Three sizes, native vision, and an Apple Silicon glow-up
Google has been losing the open-weights vibe war for a year. Gemma 3 is the comeback. Three sizes, native multimodal, and the 27B variant runs at usable speeds on an M4 Mac. Yes really.
The Setup
Gemma 3 ships in 2B (phone), 9B (laptop), and 27B (workstation). All three speak image-in, text-out. The 9B is the sweet spot — fast on a 32GB Mac, great at screenshot triage and document QA.
ollama pull gemma3:9b
ollama run gemma3:9b "what is in this image" --image ./photo.jpg
# or grab the full weights for fine-tuning
huggingface-cli download google/gemma-3-9b-itThe Money Pattern
Image understanding through the transformers pipeline. I'm using this locally for a tagging step on Aidxn portfolio assets — runs on the Mac, no API key, no rate limit.

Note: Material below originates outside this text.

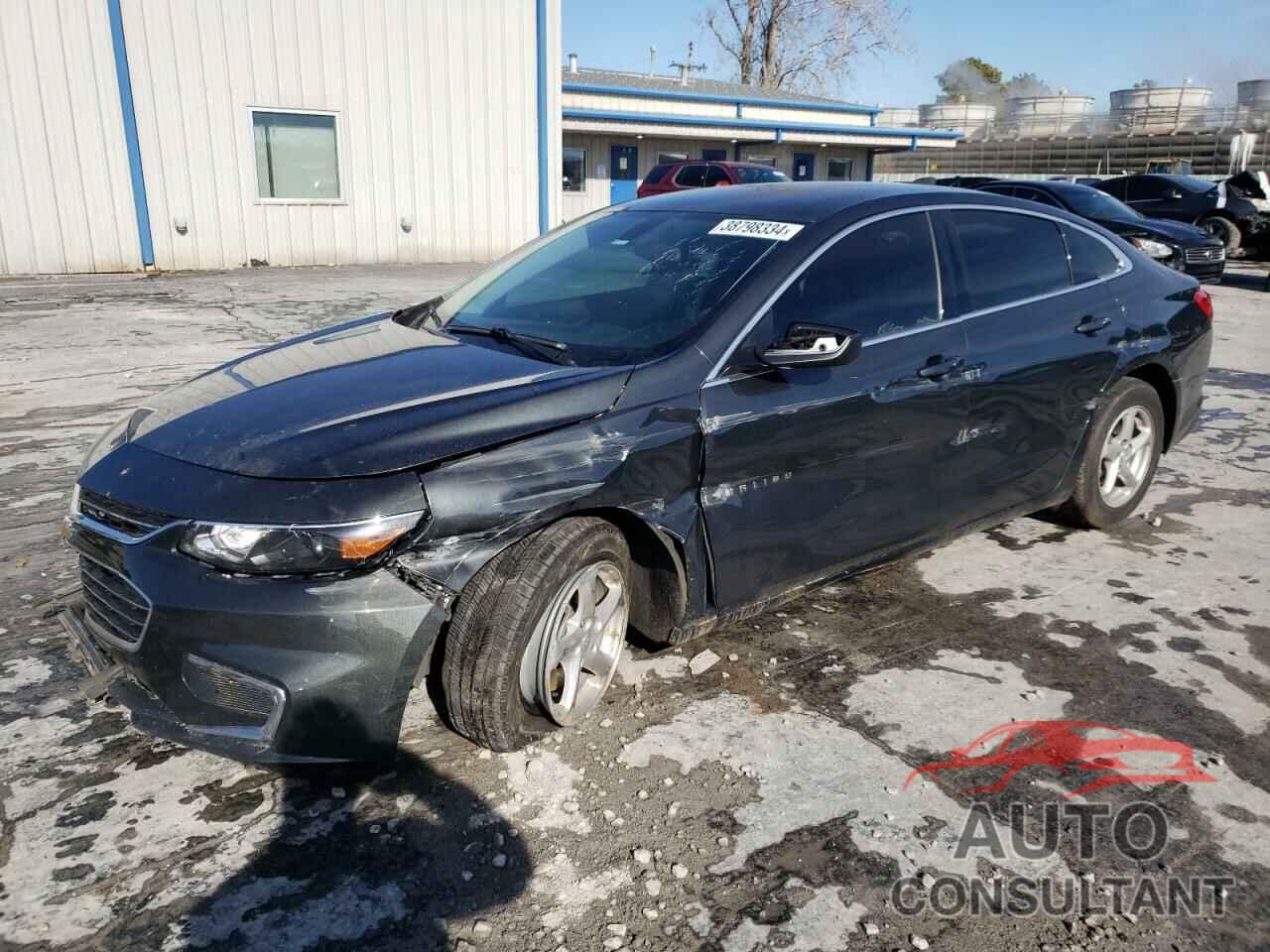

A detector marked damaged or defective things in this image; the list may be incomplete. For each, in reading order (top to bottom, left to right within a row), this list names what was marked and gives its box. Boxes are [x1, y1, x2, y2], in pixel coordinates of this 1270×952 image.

broken headlight [178, 508, 421, 575]
damaged chevrolet malibu [66, 186, 1206, 762]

from transformers import pipeline
from PIL import Image
pipe = pipeline(
"image-text-to-text",
model="google/gemma-3-9b-it",
device_map="auto",
torch_dtype="auto",
)
img = Image.open("./design-mockup.png")
result = pipe(
images=img,
text="List every UI component visible in this screenshot as JSON.",
max_new_tokens=512,
)
print(result[0]["generated_text"])The Catch
The Gemma license is not Apache. It's mostly permissive, but there's a Prohibited Use Policy you have to read, and Google reserves the right to update it. For most commercial use it's fine — but read it before you ship a product on top. This is not the license you skim.
The Verdict
For local multimodal on Apple Silicon, Gemma 3 9B is the new pick. Beats Llava, beats MiniCPM, runs faster than both. If you need fully-permissive licensing, look at Llama 4 8B Vision instead. If you just want the best thing your laptop can run tonight, this is it.